Wednesday, February 16, 2011

Scented Rhododendrons

Reprinted from The BC Council of Garden Clubs Bulletin, January/February 2011

Text and photos from Harold Fearing, Past President of Fraser South Rhododendron Society

One day as I was weeding in the greenhouse, I brushed against the foliage of a small plant and noticed a wonderful spicy fragrance. That got me to thinking. Fragrance is something we don’t normally pay much attention to in rhododendrons. Only a few of the normal lepidote or elepidote rhododendrons have fragrant flowers, unlike azaleas, many of which are quite fragrant.

Of the regular hardy rhododendrons, R. fortunei is probably the best-known fragrant species. It is usually a vigorous, large growing plant with pale pink flowers. The fragrance is subtle, not something you notice across the garden, but still nice when you are near the plant. Others of the Fortunea subsection, such as R. decorum and R. diaprepes have similar fragrances.

Probably the most fragrant regular rhododendron we have in our garden in one distributed in the lower mainland as R. rigidum ‘Bodineri’. This plant originated from the late Frank Dorsey, a long-time rhodophile. While I don’t remember all the details of the story he told, the ‘Bodineri’ part was a name he apparently coined. The plant keys out to R. rigidum, and appears identical to two other clones of R. rigidum I have, except for the fragrance. And this is fragrance you can smell across the garden, especially on a sunny warm day. The plant covers itself with blooms as well, so it is a spectacular plant for the garden.

There are also several relatively tender rhododendrons, which are supposed to have large and very fragrant flowers: R. madenii, R. nuttallii, R. dalhousiae, and R. edgeworthii. I have no personal experience with these, as they are all too tender for the exposed garden we have. I think some people in more protected gardens in the lower mainland are able to grow R. edgeworthii successfully however.

Among the deciduous species there is more choice. One of my favourites is R. atlanticum. This is a smaller plant with grey green leaves. It spreads by stolons and so eventually becomes a spreading bush with lots of stems. The flowers have a long tube with flaring petals at the end and a sweet fragrance powerful enough to smell from some feet away.

R. luteum is another very fragrant plant. It is a deciduous azalea, bright yellow and a native of the Caucasus area of eastern Europe. Many of the fragrant hybrid azaleas have R. luteum in their parentage. Our own west coast azalea R. occidentale can also be very fragrant, as are several of the east coast native azaleas, such as R. viscosum.

I have seen the claim in several places in the literature that most fragrant rhododendrons are white or pale pink. The theory is that the fragrance attracts pollinators and so there is no need for flashy colours.

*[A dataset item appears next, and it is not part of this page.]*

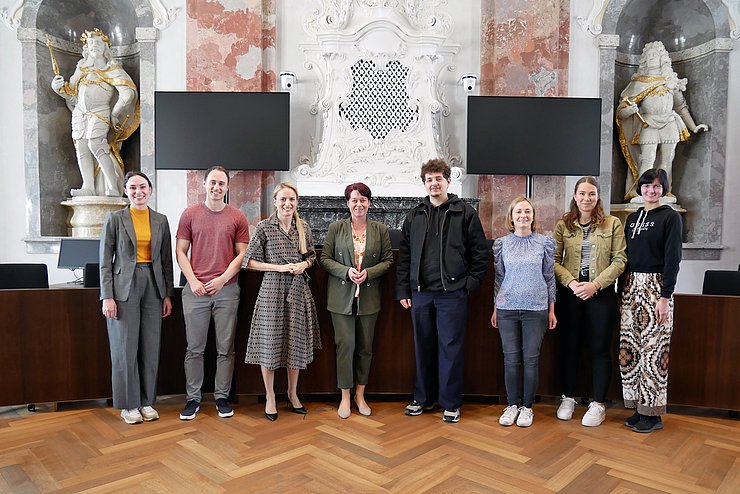Studierende der Universität Innsbruck mit LTPin Sonja Ledl-Rossmann und LRHDin Monika Aichholzer-Wurzer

R. luteum is obviously a glaring exception to this claim. Although many of the others are pale coloured, I don’t really know how strong the scientific evidence for that claim is.

photo by Harold Fearing
But enough of flowers and back to what got me thinking about fragrance in the first place. The plant I was weeding was R. ledebourii, considered a variety of R. dauricum by some. Simply sweeping your hands through the foliage is enough to release a sweet spicy fragrance. The related species R. sichotense, and R. dauricum itself, have similarly fragrant foliage. This characteristic is also inherited by some of the dauricum hybrids, eg., the well-known ‘PJM’. R. ledebourii is a native of Siberia, so is completely hardy, and is also one of the earliest to bloom, even in late January or early February.

Several other small leaved species share a similar fragrant foliage, for example, R. sargentianum, and its selected form ‘Maricee’, and the similarly flowered R. primuliflorum. Among the somewhat larger-leaved plants, the foliage of R. cinnabarinum, with its attractive blue green foliage, is supposed to have a distinctive spicy smell when crushed. However, I could not detect this, at least not on a cold November afternoon, in any of the several clones I have, except for R. xanthocodon, which is now considered a subspecies of R. cinnabarinum. Again according to the books, R. hippophaeoides is another common species with fragrant foliage. A narrow leaved version, var. occidentale, which I recently acquired, does seem to be fragrant, but the more common wider-leaved clone ‘Haba Shan’ has no smell that I could detect.

So while fragrance of either flowers or foliage would probably not be the primary reason for choosing a particular plant, it is another dimension to our enjoyment of rhododendrons. And, at this time of year, when you are crawling around on hands and knees weeding, a few plants with fragrant foliage can certainly make the task more bearable.

photo by Harold Fearing
The small-leaved R. ledebourii, R. dauricum album, and R. sichotense, all have aromatic leaves whose spicy sweet fragrance wafts up when the leaves are brushed or when the sun warms them.

R. xanthecodon is a member of the cinnabarinum family, whose lovely blue-green leaves have a bracing resinous odour if rubbed or crushed.